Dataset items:
= Beginning of Section =

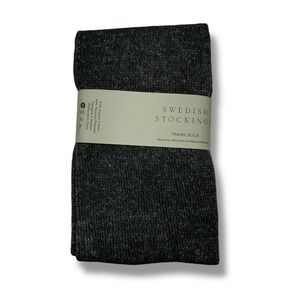 Swedish Stockings NWT Travel Socks Charcoal Gray Organic Cotton Cozy‎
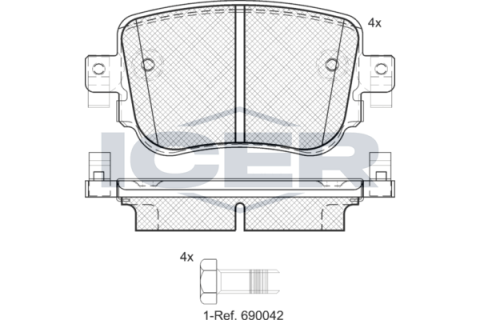 Колодки тормозные (задние) VW Golf VII e-golf 14-17/Caddy ABT e-caddy 20-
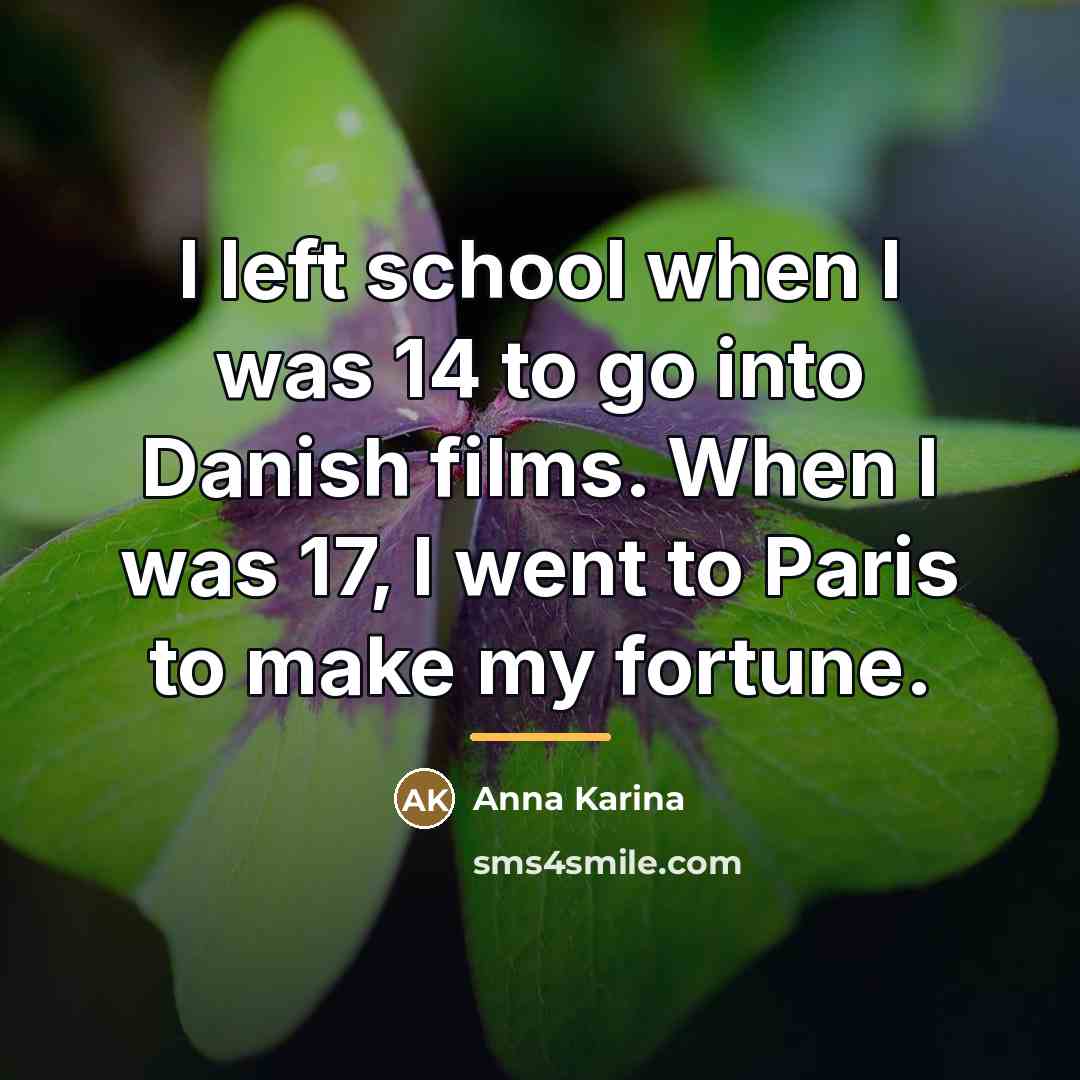 “I left school when I was 14 to go into…” quote by Anna Karina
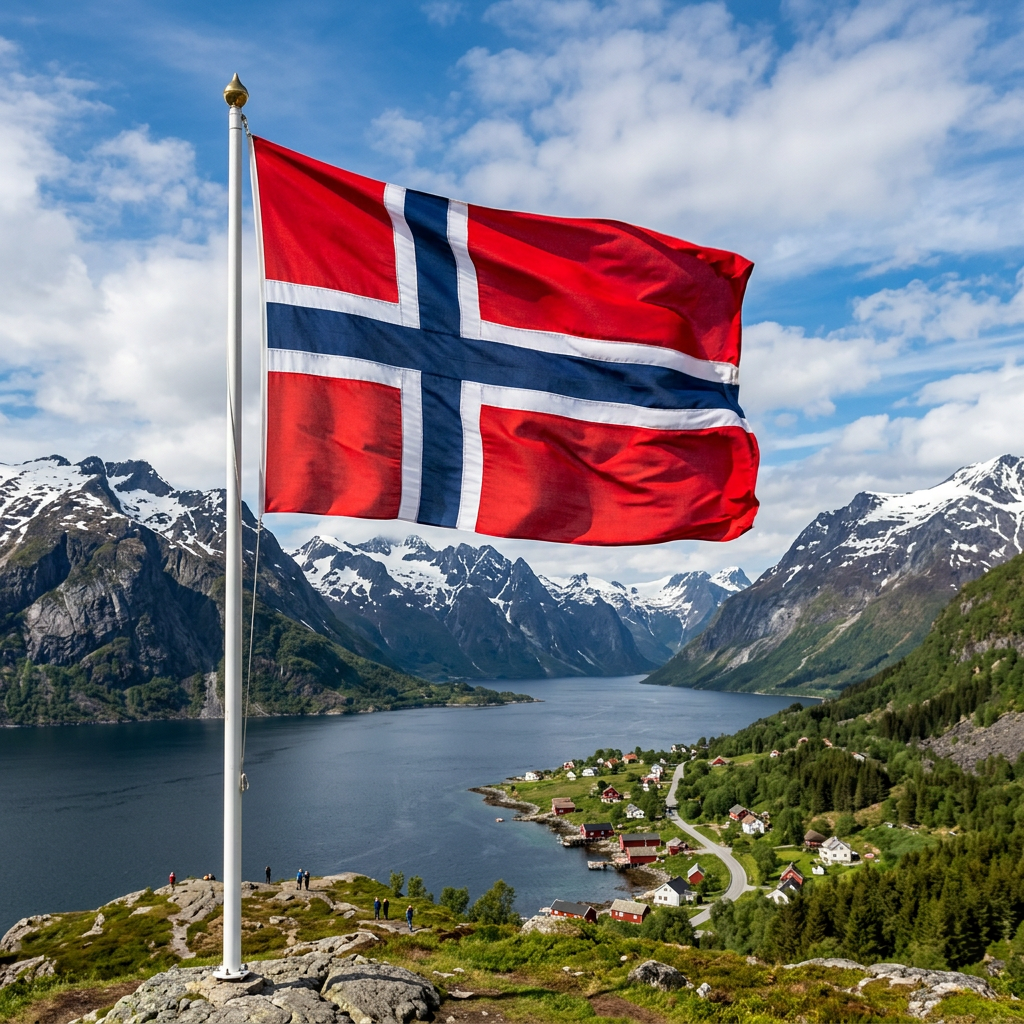 Norwegian flag on a pole overlooking fjord with mountains and village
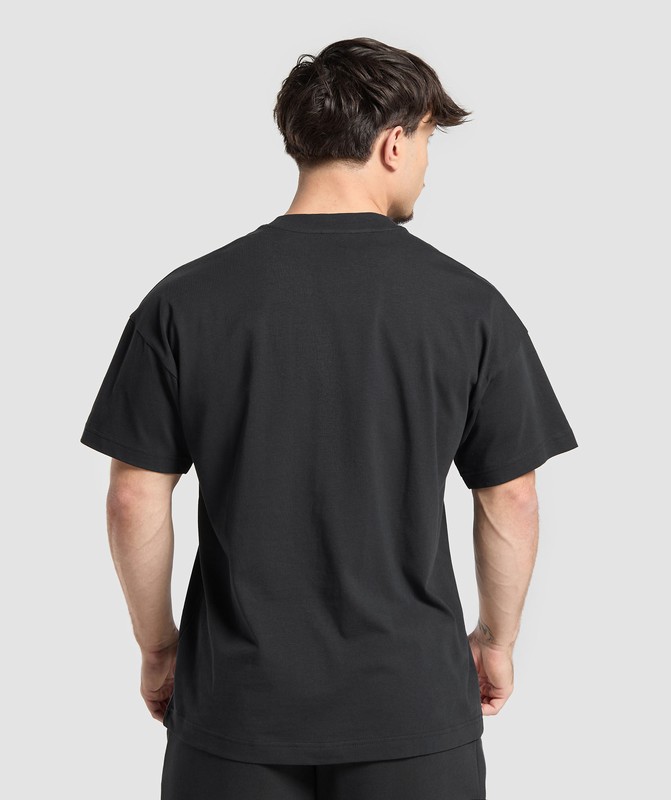 Gymshark UAE Oversized T-Shirt Black | 49710DPZY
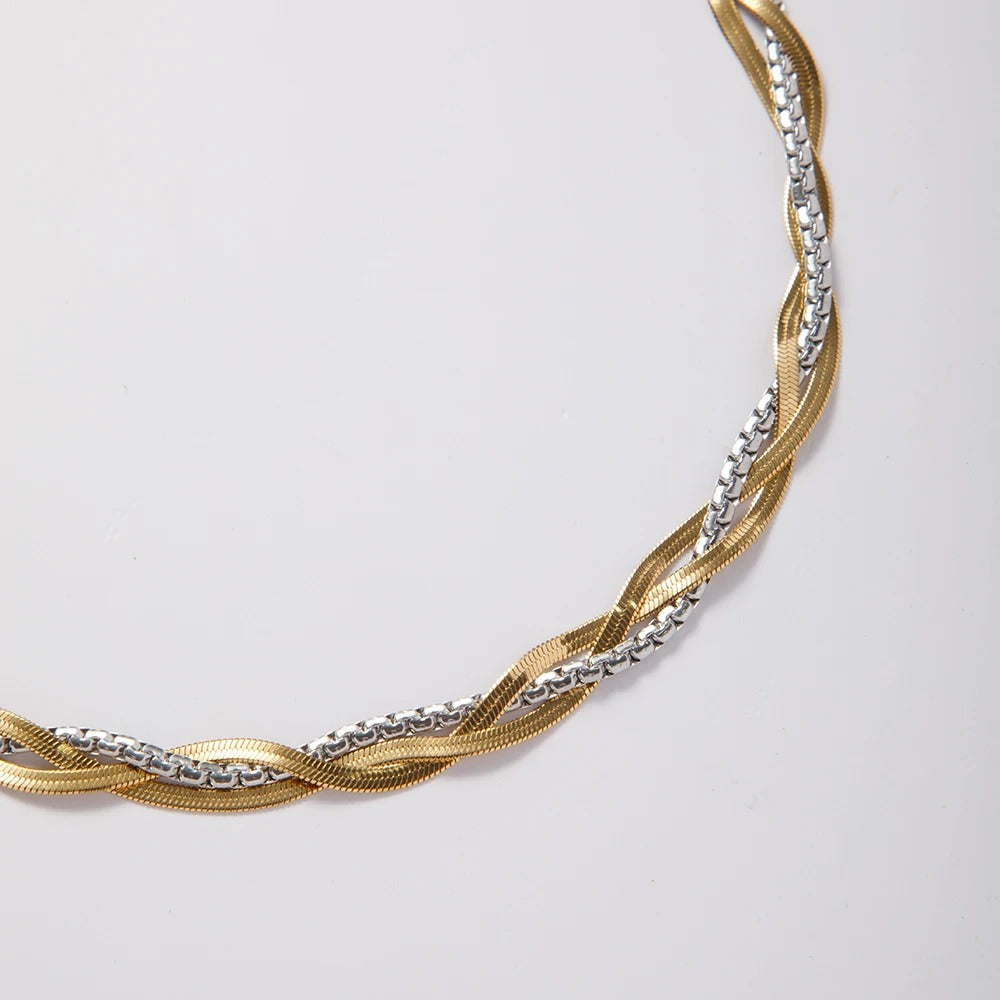 Two Tone Twisted Herringbone Necklace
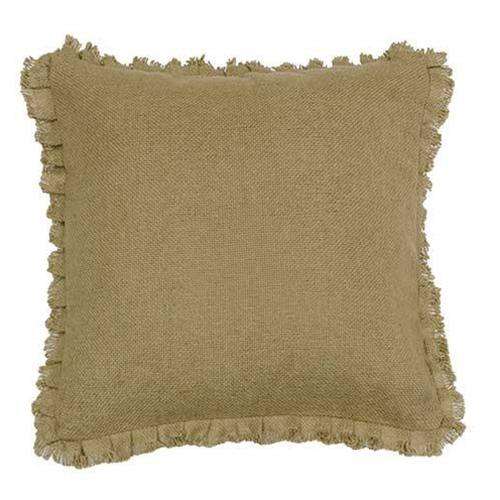 Burlap Natural Fringed Pillow, 16" Sq Pillows CWI+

= End of Section =

# [What the task asks]
Reproduce the records above exactly, excluding every picture.

# [Written solution]
 Swedish Stockings NWT Travel Socks Charcoal Gray Organic Cotton Cozy‎
 Колодки тормозные (задние) VW Golf VII e-golf 14-17/Caddy ABT e-caddy 20-
 “I left school when I was 14 to go into…” quote by Anna Karina
 Norwegian flag on a pole overlooking fjord with mountains and village
 Gymshark UAE Oversized T-Shirt Black | 49710DPZY
 Two Tone Twisted Herringbone Necklace
 Burlap Natural Fringed Pillow, 16" Sq Pillows CWI+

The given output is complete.